Like most fantaisistes, Poe excels in incidents and broad narrative
effects rather than in character drawing. His typical protagonist is
generally a dark, handsome, proud, melancholy, intellectual, highly
sensitive, capricious, introspective, isolated, and sometimes slightly
mad gentleman of ancient family and opulent circumstances; usually
deeply learned in strange lore, and darkly ambitious of penetrating to
forbidden secrets of the universe. Aside from a high-sounding name,
this character obviously derives little from the early Gothic novel;
for he is clearly neither the wooden hero nor the diabolical villain
of Radcliffian or Ludovician romance. Indirectly, however, he does
possess a sort of genealogical connexion; since his gloomy, ambition
and anti-social qualities savour strongly of the typical Byronic
hero, who in turn is definitely an off-spring of the Gothic Manfreds,
Montonis, and Ambrosios. More particular qualities appear to be derived
from the psychology of Poe himself, who certainly possessed much of the
depression, sensitiveness, mad aspiration, loneliness, and extravagant
freakishness which he attributes to his haughty and solitary victims of
Fate.

(Part Sixteen next month deals with the eighth section of this article,
"The Weird Tradition in America," dealing mostly with Nathaniel
Hawthorne and his comparison with Poe. Don't miss it.)

       *       *       *       *       *


           THE FAVORITE WEIRD STORIES OF CLARK ASHTON SMITH

                        (Courtesy of H. Koenig)

    "The Yellow Sign" by Chambers
    "The House of Sounds" by Shiel
    "The Willows" by Blackwood
    "A View from a Hill" by James
    "The Death of Halpin Frayser" by Bierce
    "The House of Usher" by Poe
    "The Masque of Red Death" by Poe
    "The White Powder" by Machen
    "The Call of Cthulhu" by Lovecraft
    "The Colour out of Space"

       *       *       *       *       *


                         WILLIAM HOPE HODGSON

                             by H. Koenig

A few years ago Faber and Faber published an anthology of ghost
stories chosen by Colin de la Mare under the title "They Walk Again."
Most of the stories included in this splendid anthology were by
well-known writers such as Blackwood, Dunsany, and Bierce and many of
the stories were familiar ones--"The Monkey's Paw," "Green Tea" and
"The Ghost Ship." However, one new story was included in the book; one
comparatively new face appeared among all the old familiar ones. The
story was "The Voice in the Night" a horrifying and yet pathetic tale
of human beings turned into a fungoid growth; the author is William
Hope Hodgson.

Except perhaps for a few of the older readers of weird stories, the
name of Hodgson will mean nothing, and yet twenty-five years ago
Hodgson wrote a number of books which compare very favorably with any
of our modern weird stories, books which rank high in the fantasy
field and which deserve more popularity and publicity than they ever
received. Five of his books should be read by all weird story lovers:
"The Boats of the Glen Carrig" 1907, "The House on the Borderland"
1908, "The Night Land" 1912, and "Carnacki, The Ghost Finder" 1913.

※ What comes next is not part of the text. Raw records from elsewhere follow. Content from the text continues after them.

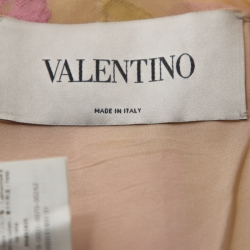 Pre Owned Valentino Yellow & Pink Lace Tulle Scalloped Hem Dress S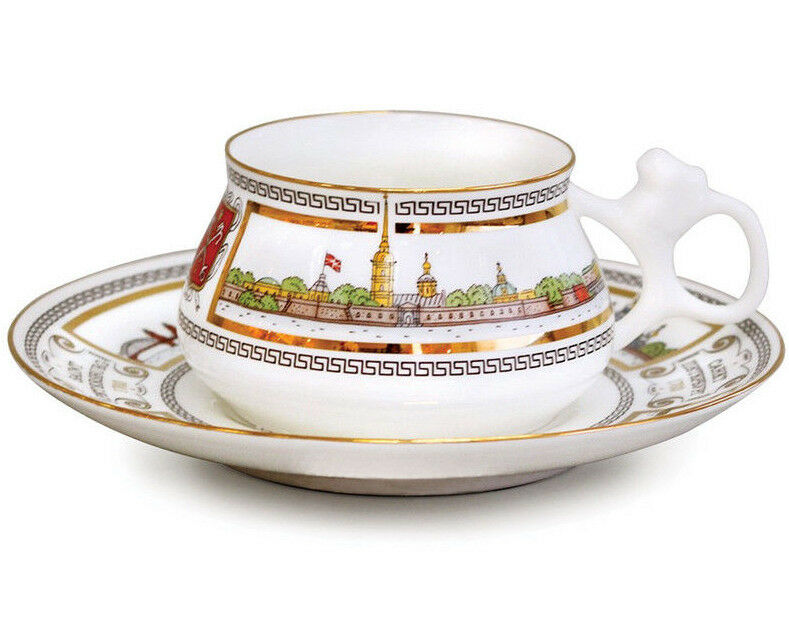 St Petersburg Neva River Teacup & Saucer Imperial Lomonosov Porcelain Authentic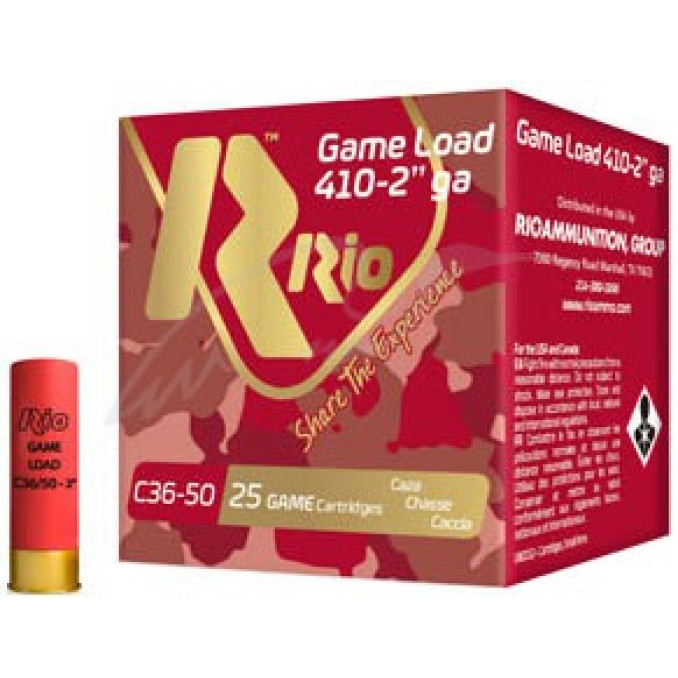 Патрон RIO Game Load кал. 410 (36-50) дріб № 4 (3.25 мм) навішування 9 г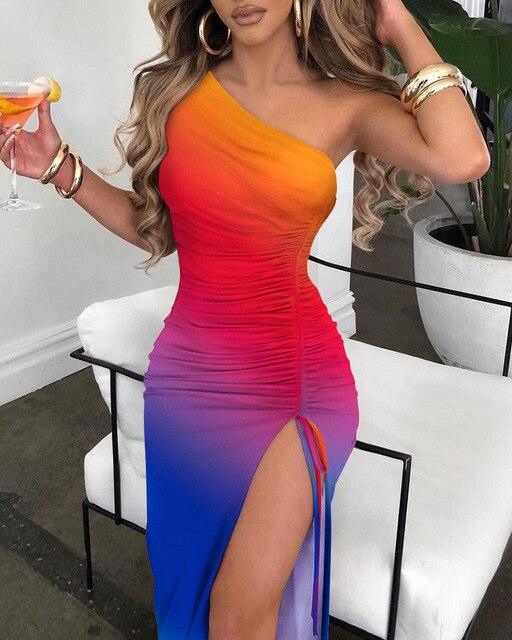Vestido de Tirantes Cuello en V con Abertura Lateral - High Trend Coture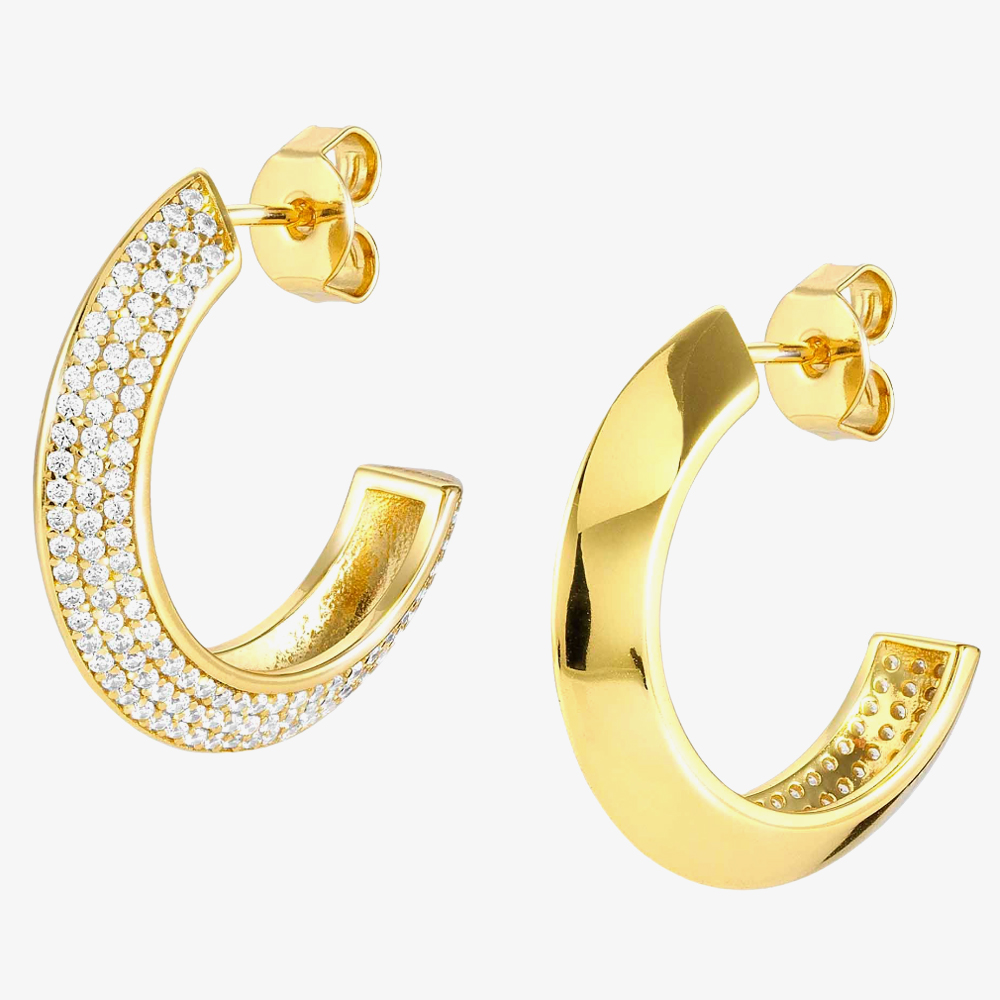 Product photograph of Nomination Aurea Gold Plated Pave Half Hoop Earrings 145713 010 from The Jewel Hut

The first three books form (in Hodgson's words) "what perhaps may be
termed a trilogy; for though very different in scope, each of the
three books deals with certain conceptions that have an elemental
kinship." A few chapter headings will give some idea of the treat in
store for fantasy fans fortunate enough to locate these books--"The
Thing that Made Search," "The Island in the Weed," "The Noise in the
Valley," "The Weed Men," "The Thing in the Pit," "The Swing Things,"
etc.

"The Night Land" is one of the longest fantastic romances ever written,
running close to six hundred pages. It is a story of the world in the
future when the sun has died and the "Last Millions" are living in a
large redoubt, a huge pyramid of gray metal nearly eight miles high
and five miles around the base. Beyond the pyramid were mighty races
of terrible creatures, half-beast and half-man, night hounds monstrous
slugs, and other horrible monsters. As a protection against all these
evils a great electric circle was put about the pyramid and lit from
the Earth Current. It bounded the pyramid for a mile on each side and
none of the monsters were able to cross it due to a subtle vibration
which affected their brains.

"Carnacki, The Ghost Finder" is a series of six short ghost stories in
which Carnacki investigates ghostly phenomena in various homes. One or
two of the tales are somewhat weakened by a natural explanation of the
ghosts, but each of the stories is well worth reading.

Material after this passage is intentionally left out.